Furthermore, it is of particular relevance to compare and contrast the maturational changes in the pattern of innervation of the human cardiac conduction system by presumptive sympathetic and parasympathetic nerves. In infants, significantly more DBH- and TH-reactive nerves were present in all regions of the conduction system as compared with AChE-positive nerves, suggestive of a sympathetic dominance in the innervation of the conduction tissue. In children and adults, however, the proportion of AChE-positive, presumptively parasympathetic, nerves progressively increased to the extent that, in adulthood, the density was comparable with that of nerves reactive to DBH and TH. This finding of initial sympathetic dominance in the neural supply of the conduction system in infancy, and the gradual transition to sympathetic and parasympathetic codominance in adulthood, correlates well with the clinical observation of rapid cardiac rate, with wide fluctuation, in infancy. The changes noted are also in keeping with the relatively slow, and more stable, heart rate observed in adulthood (Behrman et al. 1992). Indeed, it appears entirely reasonable to assume that this maturational change in the pattern of innervation may constitute one of the anatomical bases for such physiologic alteration.

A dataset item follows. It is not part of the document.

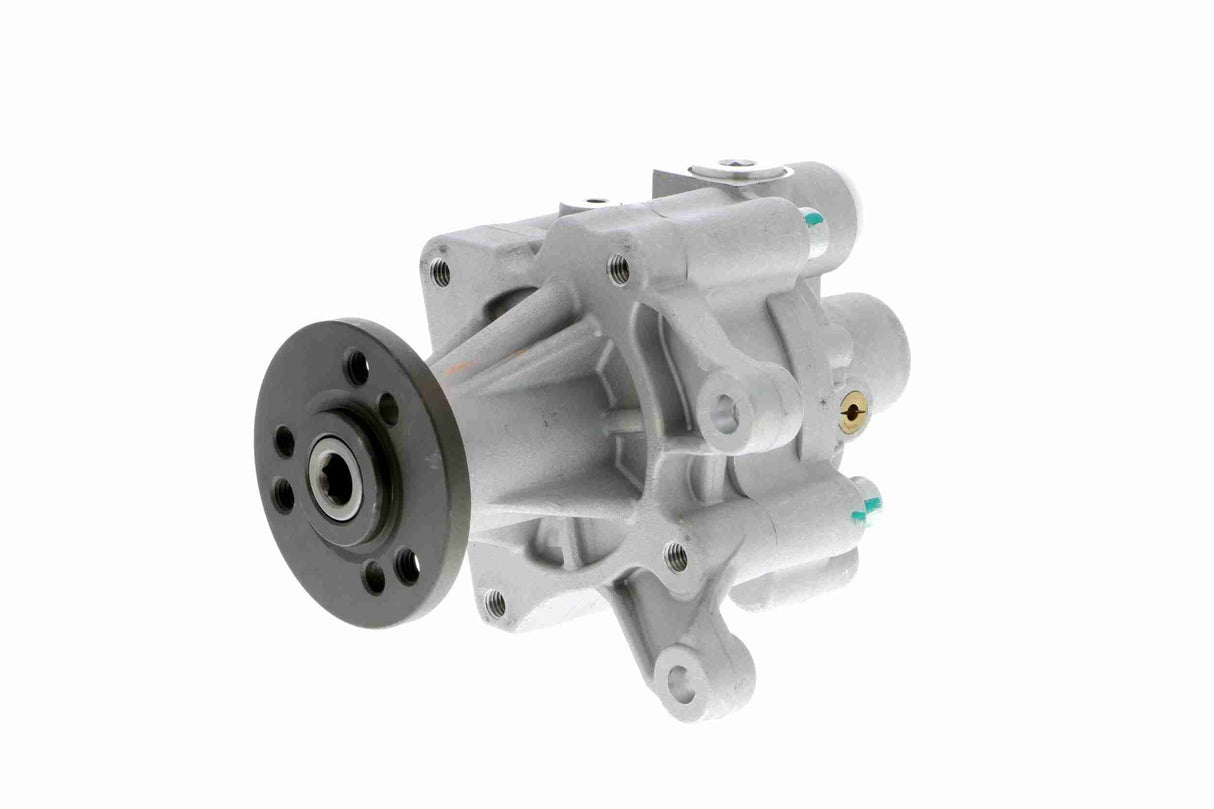 Hydraulic Pump, steering - V20-0324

The speculation is further supported by the finding that enhanced ventricular electrical stability produced by vagal stimulation is mediated by cholinergic fibers supplying the ventricular conduction system (Kent et al. 1974). The paucity of parasympathetic nerves supplying the conduction tissues of the infant heart might thus render the ventricle less electrically stable, thereby exaggerating the cardiac response during various physiological activities. Thus, it is well known that the cardiac rate of newborn infants may increase from an average of 120–140 beats per minute to 170 or more during crying, and falls to 70–90 or even exhibits a bradycardia during asleep (Behrman et al. 1992).

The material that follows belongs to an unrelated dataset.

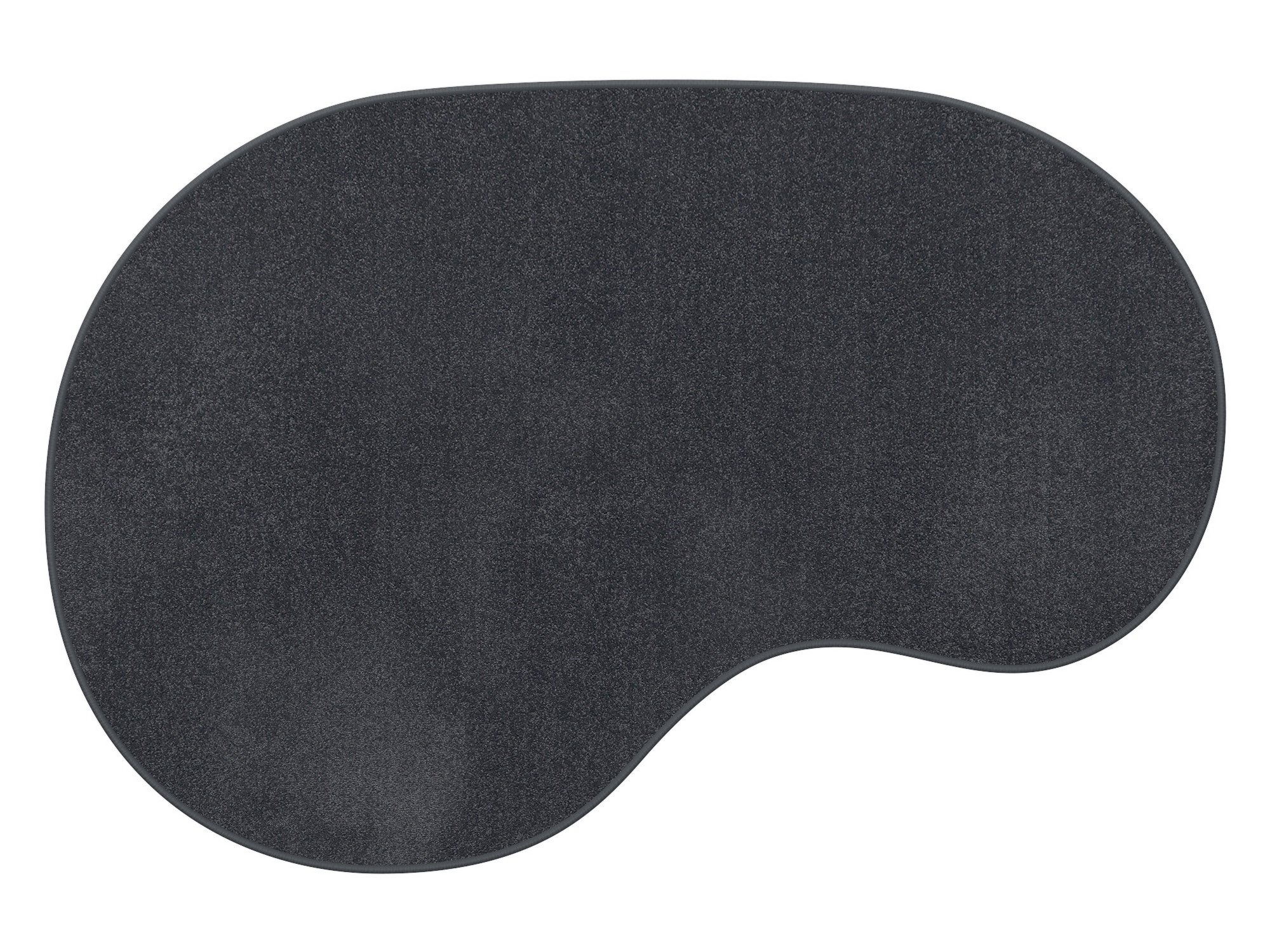 Ruxedo-Harley-Hochflor-Kettelteppich-marineOBA_kettel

Finally, our finding of reduction in the density of innervation of the cardiac conduction system with ageing is also in keeping with clinical and electrophysiologic findings. One such examples is provided by the reduced prevalence of sinus bradycardia and arrhythmia on resting electrocardiogram with ageing, which is a reflection of the age-associated reduction in parasympathetic function (Pfeifer et al., 1983; Schwartz et al. 1991). Since the conduction tissues and presumably its nerve supply are more resistant to ischaemia than ordinary working myocardium (Davies et al., 1983e), and the coronary arteries of all the hearts employed in the present study were widely patent and the hearts showed no evidence of ischaemia, we are of the opinion that the reduction in the density of innervation of the human cardiac conduction system in the elders is largely if not merely a result of ageing.

CONCLUSION

  1. Top of page
  2. Abstract
  3. RESULTS
  4. DISCUSSION
  5. CONCLUSION
  6. EXPERIMENTAL PROCEDURES
  7. REFERENCES

In summary, our present study has shown that PGP, DBH, TH, and AChE innervation of the conduction system of the human heart show a similar pattern of distribution and developmental changes. The density of innervation is highest in the sinus node, and exhibits a decreasing gradient through the atrioventricular node, penetrating and branching bundles, to the bundle branches. Apart from AChE-positive nerves, the other types are already present in substantial quantities in infancy, but do increase in density in childhood, when the adult pattern is achieved. In contrast, only scattered AChE-positive nerves are found in the sinus and atrioventricular nodes, but not in the bundle branches of the infant heart, whereas these conduction tissues themselves possess a significant amount of pseudocholinesterase. With maturation into adulthood, however, the conduction tissues gradually lose their cholinesterase content but acquire a rich supply of AChE-positive nerves, comparable in density to those of DBH and TH nerves.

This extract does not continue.